Musée Bourdelle, Les Invalides and The Seine

In my penultimate week in Paris, I have visited Musée Bourdelle, Les Invalides and the tomb of Napoleon and I have taken a cruise on the Seine with Bateaux Mouches. 

The garden at Musée Bourdelle
The garden at Musée Bourdelle

Musée Bourdelle was a surprise. I wasn’t sure what to expect because I didn’t know very much about Antoine Bourdelle before going. It is a wonderful example of a late 19th/early 20th century working studio that has been turned into a museum. Bourdelle himself began the process of turning his studio into a museum in the early 1920’s.

The museum has an amazing array of works including plaster casts of his most famous sculptures, including Hercules the Archer which now exists in many versions, one of which I saw at the Musée D’Orsay and one of which is at Musée Bourdelle. Versions are also in the Metropolitan Museum of Art in New York and the Tramwell Crow Centre in Dallas, Texas.
The museum is also home to some of Bourdelle’s personal art collection which includes such illustrious names as Carrière, Delacroix and Rodin, who was also one of his teachers.
Bourdelle is also responsible for carving the marble decorative series of friezes executed for the exterior of Auguste Perret’s Théâtre des Champs-Élysées.

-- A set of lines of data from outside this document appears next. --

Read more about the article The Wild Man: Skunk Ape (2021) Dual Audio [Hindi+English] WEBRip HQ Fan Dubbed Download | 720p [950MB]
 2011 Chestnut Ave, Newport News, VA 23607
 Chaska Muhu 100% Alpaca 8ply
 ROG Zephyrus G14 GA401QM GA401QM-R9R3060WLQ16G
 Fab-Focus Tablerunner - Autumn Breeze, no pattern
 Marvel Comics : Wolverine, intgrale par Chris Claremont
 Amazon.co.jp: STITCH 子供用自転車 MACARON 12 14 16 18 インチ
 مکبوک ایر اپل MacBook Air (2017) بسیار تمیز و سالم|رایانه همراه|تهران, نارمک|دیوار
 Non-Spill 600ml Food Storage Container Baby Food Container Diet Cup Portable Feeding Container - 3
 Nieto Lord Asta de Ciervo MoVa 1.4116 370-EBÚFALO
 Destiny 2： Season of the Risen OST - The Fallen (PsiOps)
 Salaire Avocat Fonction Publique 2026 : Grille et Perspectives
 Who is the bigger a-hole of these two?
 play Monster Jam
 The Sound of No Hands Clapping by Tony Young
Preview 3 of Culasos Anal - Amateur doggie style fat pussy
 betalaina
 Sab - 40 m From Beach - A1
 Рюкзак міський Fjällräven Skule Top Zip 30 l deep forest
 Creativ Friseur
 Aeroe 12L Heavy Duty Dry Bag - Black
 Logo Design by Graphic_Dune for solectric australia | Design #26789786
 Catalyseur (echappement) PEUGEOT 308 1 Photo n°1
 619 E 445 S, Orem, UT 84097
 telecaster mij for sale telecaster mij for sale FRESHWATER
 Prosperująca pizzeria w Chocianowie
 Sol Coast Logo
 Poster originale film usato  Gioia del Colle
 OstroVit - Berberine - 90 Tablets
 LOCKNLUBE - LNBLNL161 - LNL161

Napoleon Emperor of France
Napoleon Emperor of France

Next up was Les Invalides, which will go down as one of the highlights of my entire trip.
If you don’t know, Les Invalides was built to house and care for war veterans, which it still does today, though for a vastly smaller number than the ±6,000 it housed and cared for originally.
Today Les Invalides is home to the Musée de l’Armée and is the final resting place of some of France’s most notable war heroes, members of Napoleon’s family and of course, Napoleon himself. One of the most influential and most beloved men in French history, he remains one of the most studied political and military leaders of all time.
The Napoleonic code included such laws as freedom of religion, forbade birth related privileges and dictated that government jobs would be given to persons who were most qualified. Historian Robert Holtman, regards the Napoleonic Code as one of the few documents to have influenced the whole world. 
Napoleon’s reforms included a tax code, higher education, road and sewer systems and he established the Banque de France (the central bank of France). 
As Napoleon said: “My true glory is not to have won forty battles…Waterloo will erase the memory of so many victories. … But…what will live forever, is my Civil Code.” and indeed his code was adopted across many nations in Europe, the Americas and Africa and as such is still in use, in large part, today.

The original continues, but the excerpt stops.